A company that currently operates no ships on the North Atlantic trade route has submitted the low bid to haul Military Sealift Command cargo from the U.S. East Coast to Europe and the United Kingdom during the next six months.

Apex Marine Inc., a subsidiary of Apex Resources Inc. of Delaware, indicated it plans to enter the trans-Atlantic route with two ships that will charge the MSC $28.52 a ton to haul general cargo in containers 32 feet and over in length.The MSC contracts, awarded twice a year for six-month periods, are important for American-flag ship lines, which by law are entitled to carry such government cargoes. Ship lines use the military cargo either as a reliable base on which to add commercial shipments, or to top off commercial cargo.

The bidding for the next six-month period, April to September, is the first since Sea-Land Service Inc. acquired the 12 Econships formerly operated by United States Lines.

Sea-Land will operate the Econships, the largest containerships ever built, in the trans-Atlantic service. Nedlloyd Lines and Trans Freight Lines will charter space in the ships but as foreign-flag carriers will not be eligible for MSC cargo.

During the current six-month period Top Gallant Group was the low bidder and Sea-Land was second. Sea-Land's bid this time was the highest among the carriers on the East Coast/Europe & U.K. route.

Apex Marine, in business since 1977, operates nine tankers, five bulk carriers and one roll-on roll-off ship. As low bidder, Apex would be entitled to 75 percent of the available MSC cargo on the route.
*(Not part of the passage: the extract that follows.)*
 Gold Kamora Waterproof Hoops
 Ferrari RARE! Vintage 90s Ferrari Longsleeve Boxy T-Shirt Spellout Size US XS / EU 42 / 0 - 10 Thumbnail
The runner-up in the bidding, Lykes Bros. Steamship Co., would be eligible for the remaining share.

However, since neither Apex nor Lykes is likely to have capacity to carry its full share, the other bidders also would share in the cargo.

Trailing Apex in the bidding on the Europe-U.K. route were Lykes Bros. Steamship Co. (with a rate of $29.64), Top Gallant ($30.06), Farrell Lines ($30.09), American Transport Lines ($33.05), and Sea-Land Service Inc. ($38.40).

Sea-Land had bid $38.40 a ton during the six months ending March 31. Topgallant had bid $22.68.

Like Apex, Farrell now has no vessels on the East Coast to Europe/UK service. Farrell, a long-established U.S.-flag operator, bid on trans-Atlantic cargo last year but did not obtain ships to use on the route.

The MSC accepted rates offered by 12 U.S.-flag common carrier operators and three contract carriers under container and shipping agreements under bidding for the April-September period in 1988.

The MSC said that for the fourth consecutive cycle since October 1986, container rates increased on all major routes, except on the U.S. East Coast to Western Mediterranean route.

This is primarily the result of increased export cargo because of the weakened U.S. dollar, said the agency.

Ocean rates on containerized cargo increased overall by 4.2 percent, while breakbulk cargo increased 8.3 percent. On the Western Mediterranean segment, rates decreased an estimated 10.1 percent

During the next six-month cycle, which starts April 1, 2.4 million measurement tons, representing about $125 million in revenue including intermodal line hauls, will be shipped by the military on U.S. carriers, the command said.

Top Gallant was again the low bidder on the East Coast to Western Med route, at $21.95. But the big factor in the decrease in rates was Sea-Land, which lowered its rate by $15.05, to $19.65. Sea-Land was the second-lowest bidder on the route.

Other carriers, Lykes and Farrell, increased their rates slightly (Lykes

from $23.49 to $26.52 and Farrell from $25.78 to $27.71), while AmTrans entered the service with the third-lowest bid ($23.10).

Sea-Land was the low bidder in the four zones covered under the U.S. West Coast to Far East route: Korea, Okinawa, the Philippines and Japan.

The sealift command's rate agreements cover worldwide transportation of Department of Defense cargo.